Escalating the stairs, the holiday music fades and the light becomes softer.

That evening, visiting Dad’s room felt very unlike Christmas. Pill bottles, electrolyte water, enzymes, nausea medicine, piles of blankets… not the usual leftover roll of wrapping paper or candy cane in sight.

Words felt like they needed to be said.

Tonight.  On Christmas.

Prepared several days earlier for when the moment felt right, I questioned myself… How could this moment ever “feel right”?

The night of Christmas, I held my dad’s hand and said everything I needed to say to avoid regret from cementing itself in my heart.

I hadn’t yet cried in front of him up to this point.  I’d always been able to make a swift escape from the room upon feeling the familiar tightness in my throat.

If he saw, it would admit this was something to be afraid of… that maybe there was a chance we couldn’t beat it.

I would make him proud by being strong, I thought.  

I didn’t want information kept from me for fear of “not being able to handle it.”

At work, with practice and intention, I brilliantly compartmentalize. At home, my kids see me sad, but never in grief.

And yet… How can I possibly say goodbye forever to my Daddy without crying?  

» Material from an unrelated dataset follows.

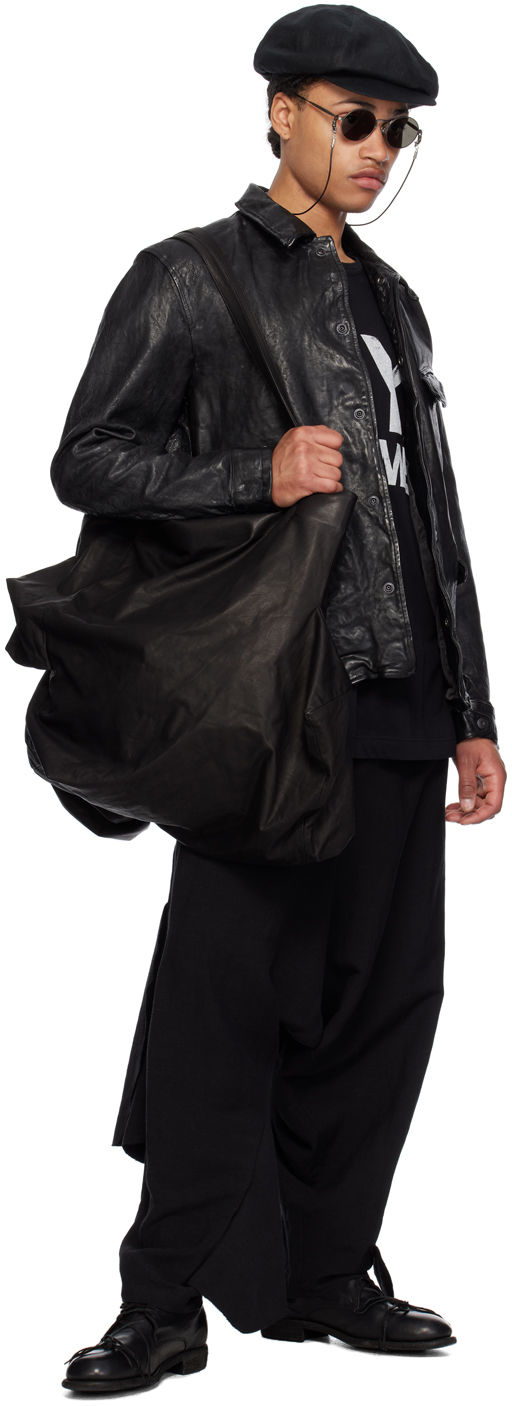 YOHJI YAMAMOTO Black Waxed Leather Jacket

I’m five again asking for one more time.

One more piggyback ride.

One more walk around the neighborhood after dinner on a warm Summer evening.

In a key life moment such as this, I felt infallible.

So I said my piece… slow and steady through my trembling voice, to ensure he heard Every. Word.

He sat there, holding my hand with his eyes closed as he listened.

Nothing left unsaid. No regret.

I’ve only ever seen Dad tear up three times in my life:  During the brutal opening scene of the movie ‘Saving Private Ryan’ (thinking of his own father during war), at the death of his sister from her own battle with cancer, and the morning a doctor told us his mother would not be waking up again but could possibly still hear us talking to her.

The oldest of five younger siblings and often “man of the house” while his dad was away at sea, one tends to adopt a sense of toughness for the little ones.

As I read my words to him that Christmas night in the dim glow of the room, his lip quivered as he squeezed my hand.

I made it clear there’s always the chance of a miracle that he’ll still make it to age 107 as he wants, and none of us knows when our time is, which was important for me to say and important for him to hear.

If he’s not giving up, I’m not either.  

But he needed to know our family was going to be okay no matter the outcome.

That my mom will be cared for and never want for anything… Besides him.

By day’s end, I had never felt such immense joy and equally immense heartache within a 24 hour period.

On this Christmas day of jubilee and excitement with my kids, I said goodbye to my Dad.

My eyes felt so tired, yet thoughts raced on once closed.

So this is what loss feels like… something slipping away.

Not yet gone, but not really here either.  

At least not as I know him.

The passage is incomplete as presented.